I don’t want to take anything away from the phenomenal run of research and development at Intel during this time but the chips and cores and amazing developments were on autopilot. The 80s also saw them invest half a billion in reinvigorating their manufacturing plants. With quality manufacturing allowing for a new era of printing chips, the 90s were just as good to Intel. I like to think of this as the Pentium decade with the first Pentium in 1993. 32-bit here we come. Revenues jumped 50 percent that year closing in on $9 billion.
Intel had been running an advertising campaign around Intel Inside. This represented a shift from the IBM PC to the Intel. The Pentium Pro came in 1995 and we’d crossed 5 million transistors in each chip. And the brand equity was rising fast. More importantly, so was revenue. 1996 saw revenues pass $20 billion. The personal computer was showing up in homes and on desks across the world and most had Intel Inside - in fact we’d gone from Intel inside to Pentium Inside.
1997 brought us the Pentium II with over 7 million transistors, the Xeon came in 1998 for servers, and 1999 Pentium III. By 2000 they introduced the first gigahertz processor at Intel and they announced the next generation after Pentium: Itanium, finally moving the world to the 64 bit processor.
As processor speeds slowed they were able to bring multi-core processors and massive parallelism out of the hallowed halls of research and to the desktop computer in 2005.

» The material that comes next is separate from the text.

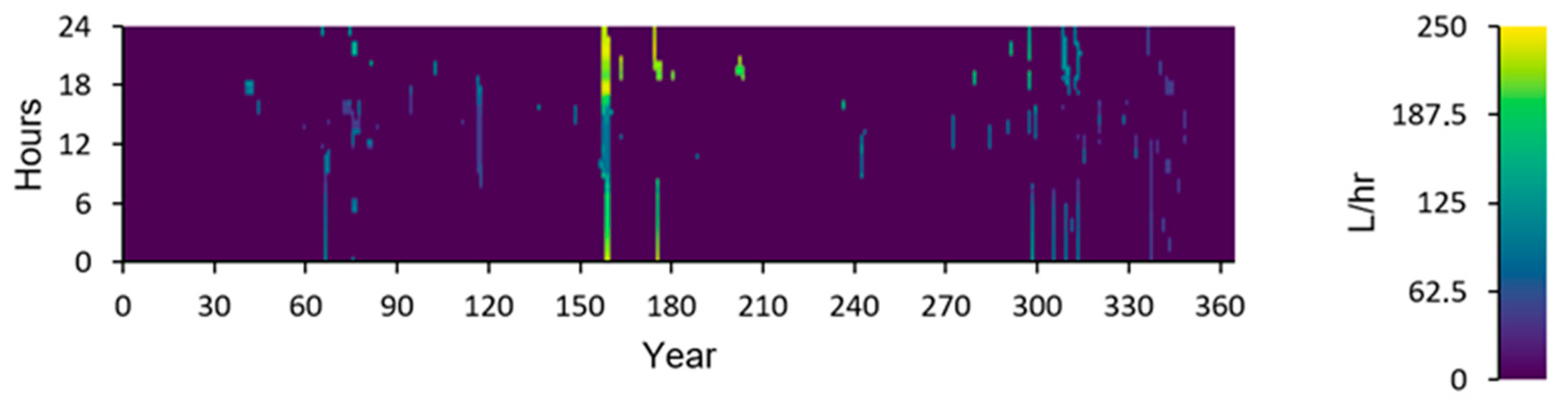 Energies 16 01519 g017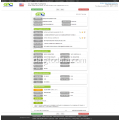 USA Olefins Handelsinformation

2006 saw Intel go from just Windows to the Mac. And we got 45 nanometer logic technology in 2006 using hafnium-based high-k for transistor gates represented a shift from the silicon-gated transistors of the 60s and allowed them to move to hundreds of millions of transistors packed into a single chip. i3, i5, i7, an on. The chips now have over a couple hundred million transistors per core with 8 cores on a chip potentially putting us over 1.7 or 1.8 transistors per chip.
Microsoft, IBM, Apple, and so many others went through huge growth and sales jumps then retreated dealing with how to run a company of the size they suddenly became. This led each to invest heavily into ending a lost decade effectively with R&D - like when IBM built the S/360 or Apple developed the iMac and then iPod.
Intel’s strategy had been research and development. Build amazing products and they sold. Bigger, faster, better. The focus had been on power. But mobile devices were starting to take the market by storm. And the ARM chip was more popular on those because with a reduced set of instructions they could use less power and be a bit more versatile.
Intel coined Moore’s Law. They know that if they don’t find ways to pack more and more transistors into smaller and smaller spaces then someone else will. And while they haven’t been huge in the RISC-based System on a Chip space, they do continue to release new products and look for the right product-market fit. Just like they did when they went from more DRAM and SRAM to producing the types of chips that made them into a powerhouse. And on the back of a steadily rising revenue stream that’s now over $77 billion they seem poised to be able to whether any storm. Not only on the back of R&D but also some of the best manufacturing in the industry.
Chips today are so powerful and small and contain the whole computer from the era of those Pentiums. Just as that 4004 chip contained a whole ENIAC. This gives us a nearly limitless canvas to design software. Machine learning on a SoC expands the reach of what that software can process. Technology is moving so fast in part because of the amazing work done at places like Intel, AMD, and ARM. Maybe that positronic brain that Asimov promised us isn’t as far off as it seems. But then, I thought that in the 90s as well so I guess we’ll see.